Attempt Define $f(x)=x_1^2+x_2^2$ and $g(x)=-x_1-x_2+4\le 0$
a) Clearly $g(\overline x)\le 0$ and $f(\overline x)=8,$ thus $\overline x$ is optimal solution.
b)
We have that the Lagrangian dual problem is given by $\max \theta (u), s.t. u\ge 0,$ where $\theta (u)= \inf \{f(x)+u^tg(x)\}$.
The dual function is given by $\theta(u)=\inf\{x_1^2+x_2^2+u(-x_1-x_2+4):x_1,x_2\in X\}=-3u$ if $u\ge 0$
if $u<0$, then $\theta(u)=3u$.
However it does not match with the expected dual function $\theta(u)=-u^2/2=4u$ :(
- If we consider this dual function $\theta(u)=-u^2/2-4u$ then $\max \theta(u)=8$ when $u=-4$. Hence does not exist duality gap.
Could someone please tell me why I get a different dual function?
What am I doing wrong? I just split the infimum and each of them gave $-u/2$. Hence the total infimum is $-u+4u=3u$
Let's consider how to minimize $x_1^2+x_2^2+u(-x_1-x_2+4)$ where $u \ge 0$ is fixed.

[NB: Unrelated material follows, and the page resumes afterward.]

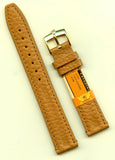 TAN GENUINE LEATHER CAVADINI STRAP BAND 18mm or 20mm & ROLEX TUDOR GOLD BUCKLE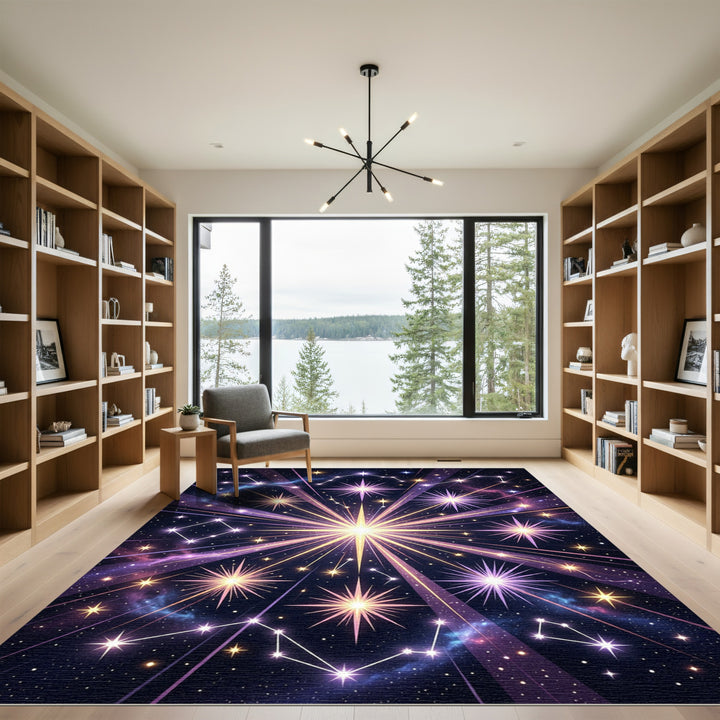 Cosmic Stellar Constellations Bursting Starbursts Rug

If we differentiate wrt $x_i$, we obtain
$$2x_i-u=0$$
Hence $$x_i=\frac{u}2 \ge 0$$
Hence the optimal value is
$$2\left( \frac{u}2\right)^2+u\left(-u+4 \right)$$
I think you left out the quadratic part and I can't tell where does $-u$ comes from.